>>>

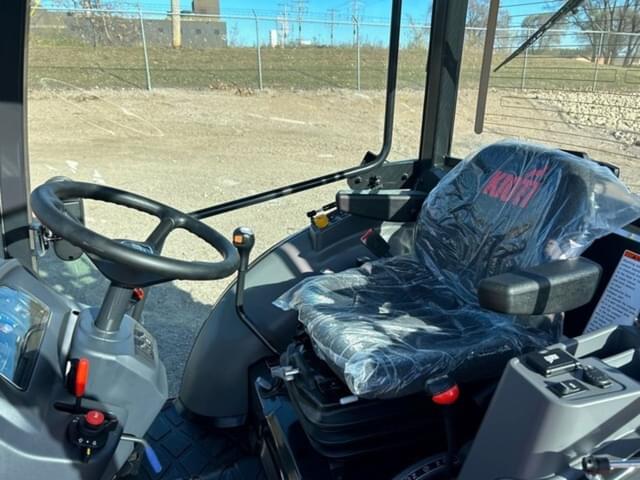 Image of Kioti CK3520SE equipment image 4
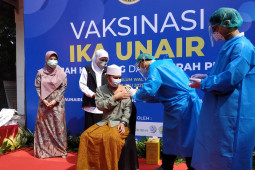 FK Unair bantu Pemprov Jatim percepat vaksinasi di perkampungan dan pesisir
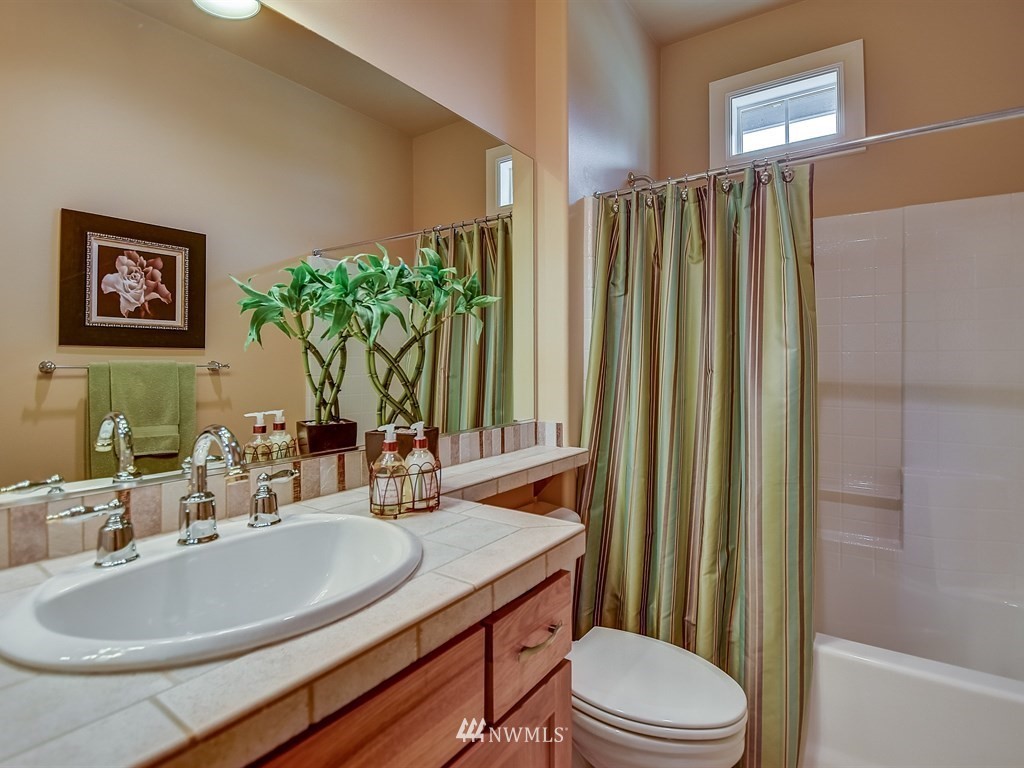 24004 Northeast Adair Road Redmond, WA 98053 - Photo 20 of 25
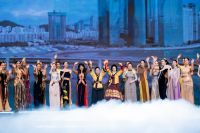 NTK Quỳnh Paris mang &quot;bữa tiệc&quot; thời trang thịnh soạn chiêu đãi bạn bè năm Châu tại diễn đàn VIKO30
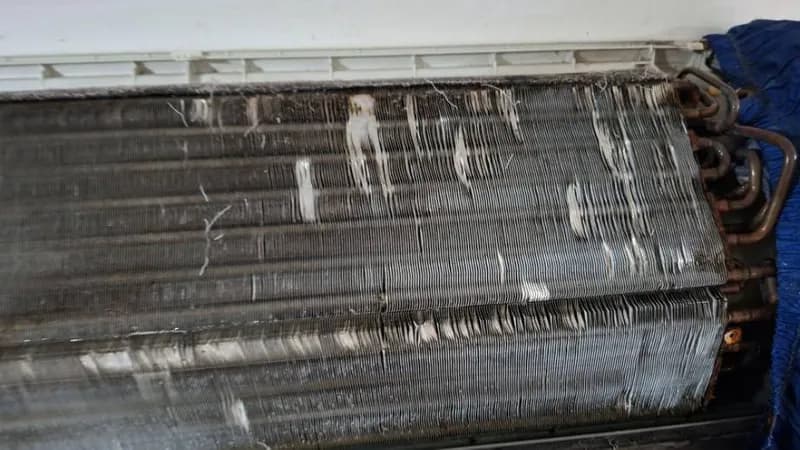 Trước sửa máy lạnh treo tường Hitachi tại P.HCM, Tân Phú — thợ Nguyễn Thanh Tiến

<<<

▸ **Goal of the exercise**: Each line from the one containing "24004 Northeast Adair" through the last line of the entries above is to be extracted exactly. Pictures are not part of the copy.

▸ **Response box**:
 24004 Northeast Adair Road Redmond, WA 98053 - Photo 20 of 25
 NTK Quỳnh Paris mang &quot;bữa tiệc&quot; thời trang thịnh soạn chiêu đãi bạn bè năm Châu tại diễn đàn VIKO30
 Trước sửa máy lạnh treo tường Hitachi tại P.HCM, Tân Phú — thợ Nguyễn Thanh Tiến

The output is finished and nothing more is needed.